Seymour Wodakow read the story of his mother, Rozalia, who joined the Bielski Brigade after half her family had been killed at the start of the war. “I remember always being tired, cold, and hungry,” she wrote. She eventually immigrated to the United States in 1963, went on to work for the United Nations, and is now the great-grandmother of three.

Renee Kaufman related her father Ernest’s story. “He didn’t regard himself as a survivor,” she said, “because he had a chance to fight back.” He was captured after Kristallnacht and held at Buchenwald for four weeks, but was released on the promise that he would leave Germany. He arrived in America in 1939 and joined the U.S. Army, becoming one of its “Ritchie Boys,” who were trained at Camp Ritchie in Maryland in intelligence and psychological warfare. He retired from the army in 1948 with a Purple Heart and a Bronze Star.

Eva Yungst’s story of survival was read by her granddaughter, Erica Hochman, whose late mother was NJ beauty queen and Holocaust Commission member Hela Young. Yungst, having survived the concentration camps, returned to her hometown after the liberation feeling empty and desolate, asking, “Why were we punished like this?” But she and her husband came to the United States in 1956, said her granddaughter, and made a good life for themselves and their children.

Music, readings, and prayers completed the program. For the sixth consecutive year, the Lower School Choir from Solomon Schechter Day School of Essex and Union, led by director and music educator Rina Maimon, sang. Sael Abecassis, the Central federation’s Israeli emissary, and Andres Chang, a participant in the federation’s survivor/teen twinning program, gave Hebrew and English readings for Yom Hashoa V’hagevura (Holocaust and Heroism Day). Cantor Steven Stern of Temple Beth O’r/Beth Torah of Clark and philanthropist and survivor Sam Halpern recited prayers at the gathering.

Mingling with other participants and audience members after the event, Si Kaplan had two very special encounters: One man came up to him to tell him he was among those liberated by Kaplan’s division. “It was very touching,” Kaplan said.
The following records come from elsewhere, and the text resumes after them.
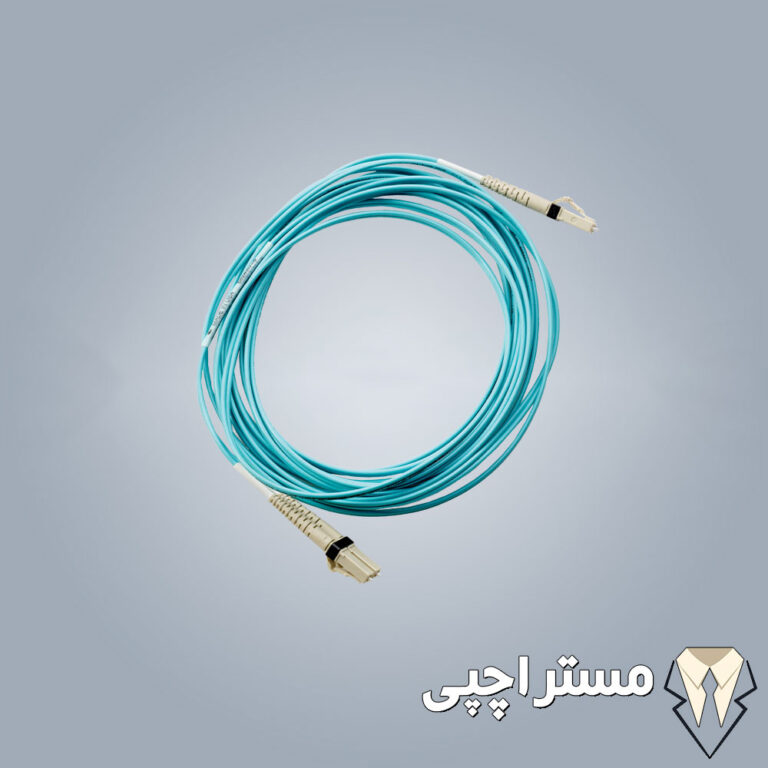 قیمت و خرید قیمت و خرید پچ کورد فیبر نوری HP LC-LC OM4 2m QK733A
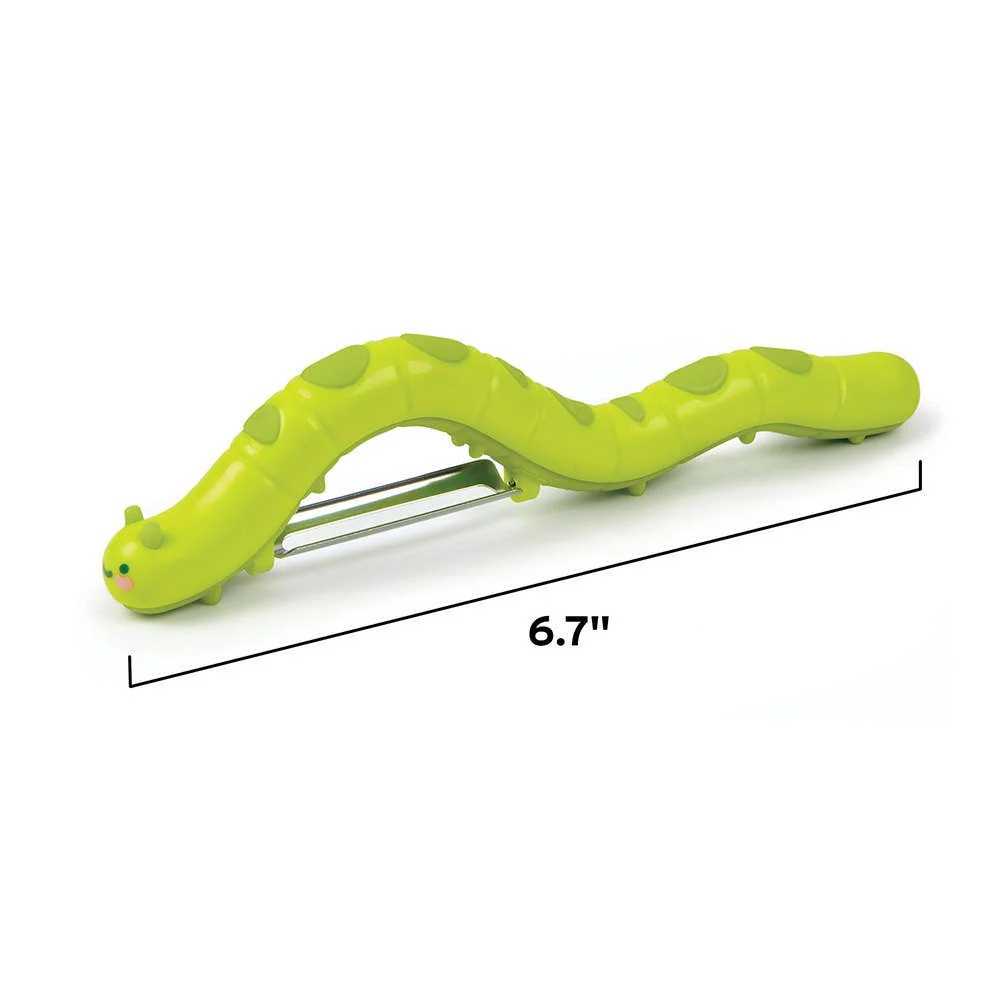 Caterpeeler Fruit & Veggie Peeler - Image 3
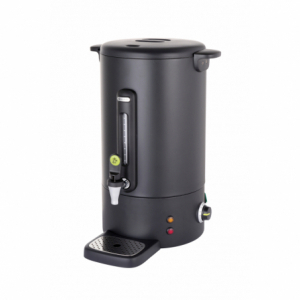Distributer vročih napitkov Concept Line Matte Black - 18 L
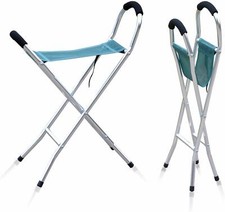 Walking Stick Chair Seat Stool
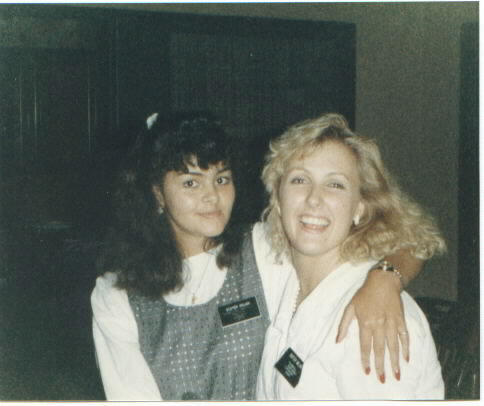 Sisters Rojos and Wilhite
Paul  Housley
30 Mar 2005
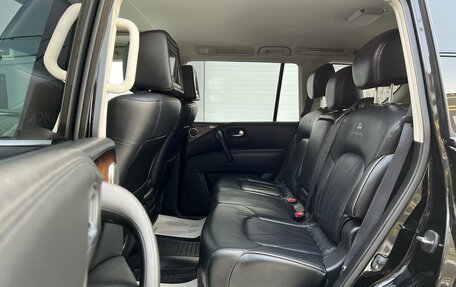 Infiniti QX80 I рестайлинг, 2018 год, 4 699 000 рублей, 24 фотография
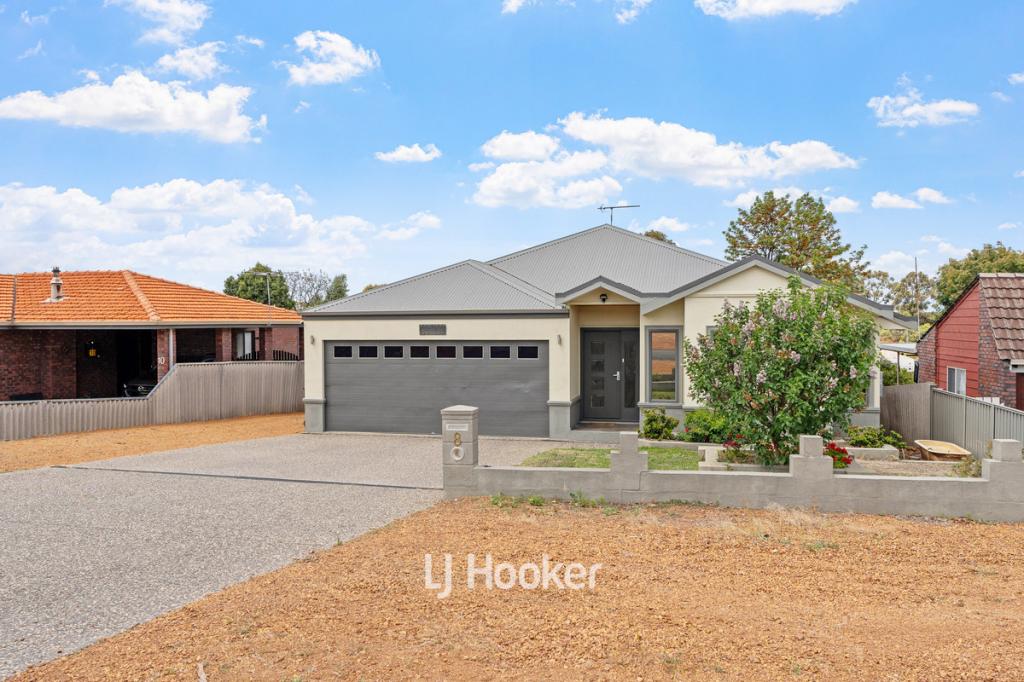 8 Vernon St, Collie, WA 6225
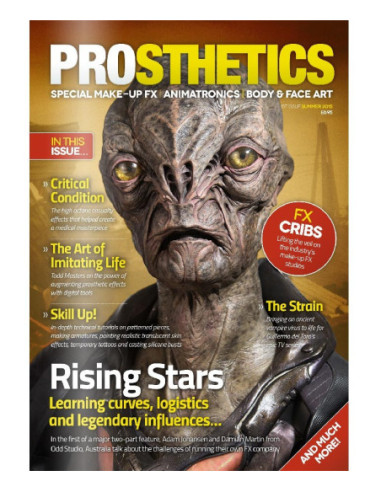 Prosthetics Magazine Nº1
He also compared notes with Ernest Kaufman, and it turned out that the two men — each with his own segment of the U.S. Army — had crossed paths in the Hurtgen Forest, on the border between Belgium and Germany, the site of some of the fiercest fighting of the war


Long lines for survivor’s story

Clara Kramer

Clara Kramer

PRECEDING THE Yom Hashoa commemoration at Kean University on April 21, Clara Kramer, chair of the Holocaust Resource Foundation, signed copies of her book, Clara’s War: One Girl’s Story of Survival, alongside her cowriter, author Stephen Glantz. The book, based on the diary she wrote as a teenager 65 years ago while she was in hiding, was published a year ago in England and came out last month in the United States; translations are planned now in numerous other countries.

Kramer beamed at the long line of well-wishers buying her book. “This is my community,” she said. “But yesterday I was signing books at a library in Manahawkin, where they used to not allow Jews to live, and there was a long line.”

Glantz said that getting to know Kramer during their three years of working together was a life-changing event. “She’s an extraordinary person,” he said. “Some of it was very hard for her — having to go back over the details of what happened — but she kept saying it’s not about her; it’s so others will know what happened.”